Objectives: To assess the presence and level of common mental problems such as stress, anxiety, depression of health workers and to identify the main associated factors contributing to these mental problems.
Methods: Survey design: Adescriptive cross-sectional survey in 2016 and a qualitative research in 2018 were conducted at the Hospital of Tropical Diseases. Participants: managers and health workers who consent to participate.
Methodology: A scale about depression, anxiety and stress was self-administered by 601 health workers. In-depth semi-structured interview and focus group discussion were conducted with 33 managers, doctors and nurses.

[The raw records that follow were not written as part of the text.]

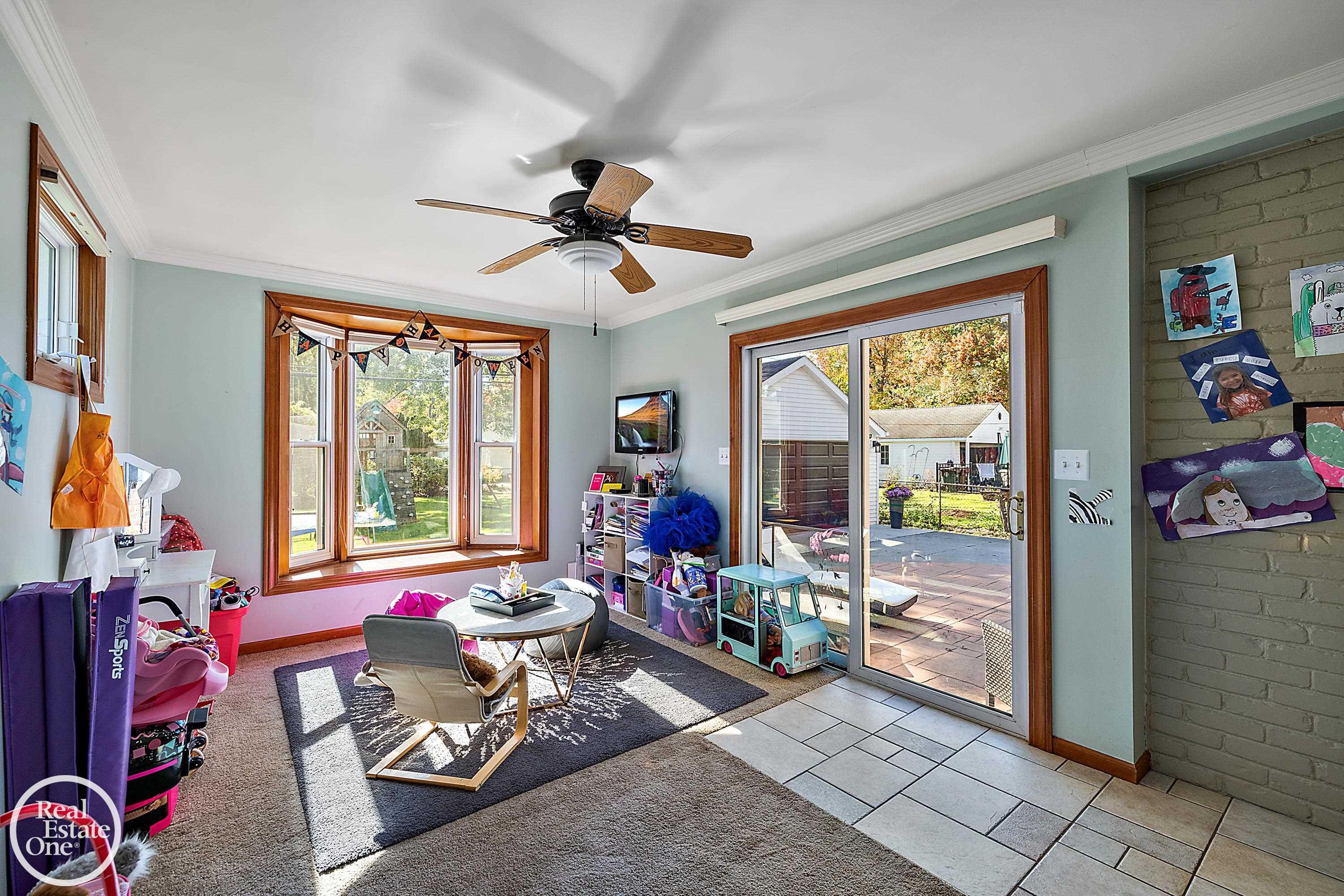 1183 Hawthorne Road Grosse Pointe, MI 48236 - Photo 25 of 48 50158747-fb600253-927e-4587-9ae5-41b2204013eb.JPG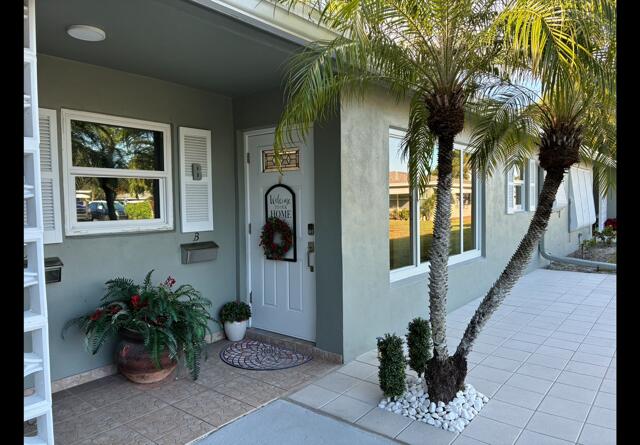 View details of listing 917 S Drive Terrace B, Delray Beach, FL 33445 Delray Beach with MLS#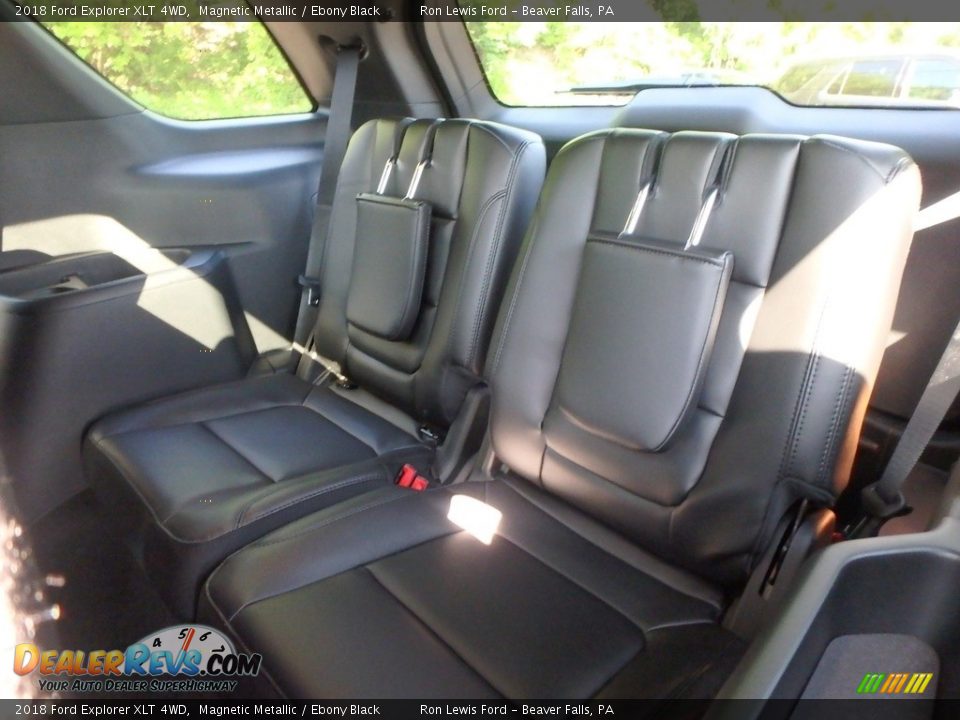2018 Ford Explorer XLT 4WD Magnetic Metallic / Ebony Black Photo #12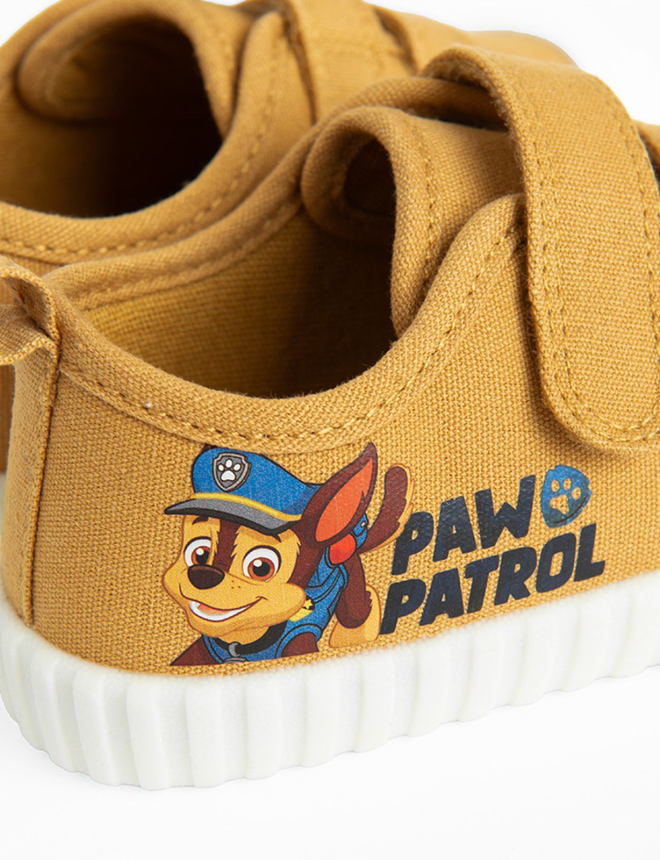 Canvas shoes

Results: Among the 601 respondents and according to the moderate and severe level, the prevalence of depression, anxiety and stress was 28.4%, 38.8% and 18.9% respectively. Women had a higher risk of mental problems than men. There was no significant difference relating to other demographic profile such as profession, working years or age group. Fromthe33 respondents in the qualitative research, the main stressors were related with the working environment including the infrastructure, administrative policy and interpersonal relationship. Concerning the work life balance, health workers worry about the long distance from home to hospital and responsibility with their family.
Conclusion: This screening survey showed the presence of depression and anxiety in a number of health workers with associated factors related to working environment. The health staff needed a support from the hospital managers and the psychological/psychiatric experts to improve their mental health.